Powersort is used in Tim Peters’s new C-code for sorting lists, see `listobjects.c`

.
The list sorting algorithm is described in Tim Peters’s words in
`listsort.txt`

,
including lots of discussion of the taken design decisions and some benchmark
results.

### PyPy

Powersort has also been adapted by Carl Friedrich Bolz-Tereick for PyPy.
See the Python source for powersort on PyPy heptapod: `listsort.py`

.

### Other libraries

Powersort is also used in AssemblyScript with apparently quite impressive results.

## Adaptive sorting

Mergesort can make use of existing order in the input by
picking up *existing runs*, i.e., segments that are already sorted.
Since the lengths of these runs can be arbitrary,
simply merging them as they arrive can be wasteful—merging can
degenerate to inserting a single element into a long run.

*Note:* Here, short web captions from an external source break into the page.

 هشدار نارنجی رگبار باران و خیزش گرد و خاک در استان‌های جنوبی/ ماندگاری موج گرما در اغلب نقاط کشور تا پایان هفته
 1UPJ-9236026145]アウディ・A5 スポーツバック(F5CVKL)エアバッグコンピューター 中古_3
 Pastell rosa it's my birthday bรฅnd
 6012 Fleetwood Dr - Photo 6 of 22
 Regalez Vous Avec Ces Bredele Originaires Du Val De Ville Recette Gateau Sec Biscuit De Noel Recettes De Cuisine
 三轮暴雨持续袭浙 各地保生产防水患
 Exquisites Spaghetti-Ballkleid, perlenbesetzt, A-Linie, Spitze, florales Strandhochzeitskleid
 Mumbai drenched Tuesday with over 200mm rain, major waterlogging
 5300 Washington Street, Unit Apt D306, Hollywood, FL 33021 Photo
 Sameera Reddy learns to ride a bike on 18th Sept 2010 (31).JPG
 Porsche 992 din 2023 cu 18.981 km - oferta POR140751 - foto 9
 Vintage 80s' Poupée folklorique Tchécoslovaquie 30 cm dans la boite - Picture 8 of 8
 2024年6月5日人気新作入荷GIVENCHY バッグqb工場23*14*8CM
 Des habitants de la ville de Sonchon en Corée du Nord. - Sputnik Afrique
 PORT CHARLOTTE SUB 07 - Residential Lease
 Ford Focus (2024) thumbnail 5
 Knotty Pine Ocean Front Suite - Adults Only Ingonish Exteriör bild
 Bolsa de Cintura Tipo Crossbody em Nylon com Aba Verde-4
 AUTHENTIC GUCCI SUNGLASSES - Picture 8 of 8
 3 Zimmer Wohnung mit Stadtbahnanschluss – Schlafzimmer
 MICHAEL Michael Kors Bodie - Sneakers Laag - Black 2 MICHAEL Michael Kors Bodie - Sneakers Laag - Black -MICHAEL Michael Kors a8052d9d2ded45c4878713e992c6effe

In this paper, we show that we can find an *optimal* merging order (up to lower order
terms of costs) with negligible overhead and thereby get the *same worst-case guarantee*
as for classic mergesort (up to lower order terms),
while exploiting existing runs if present.
Our two new mergesort variants,
*peeksort* and *powersort*, are simple, stable,
optimally adaptive and fast in practice (never slower
than classic mergesort and Timsort,
but significantly faster on certain inputs, see §4 of the paper).

## Natural Mergesort

The simplest version of run-adaptive mergesort starts with
bottom-up mergesort,
but instead of blindly treating every element as a minimal run of length 1,
we detect existing sorted segments.
Knuth presents a clever implementation of this strategy under the name *“natural mergesort”*
(Algorithm 5.2.4–N in TAOCP).
It detects runs while merging them and so avoids to ever keep track of all the
run lengths.

This can save a lot of work if long runs are present, but the merging order can be suboptimal (see below) and the merging procedure itself uses additional comparisons to re-detect the run boundaries in each pass.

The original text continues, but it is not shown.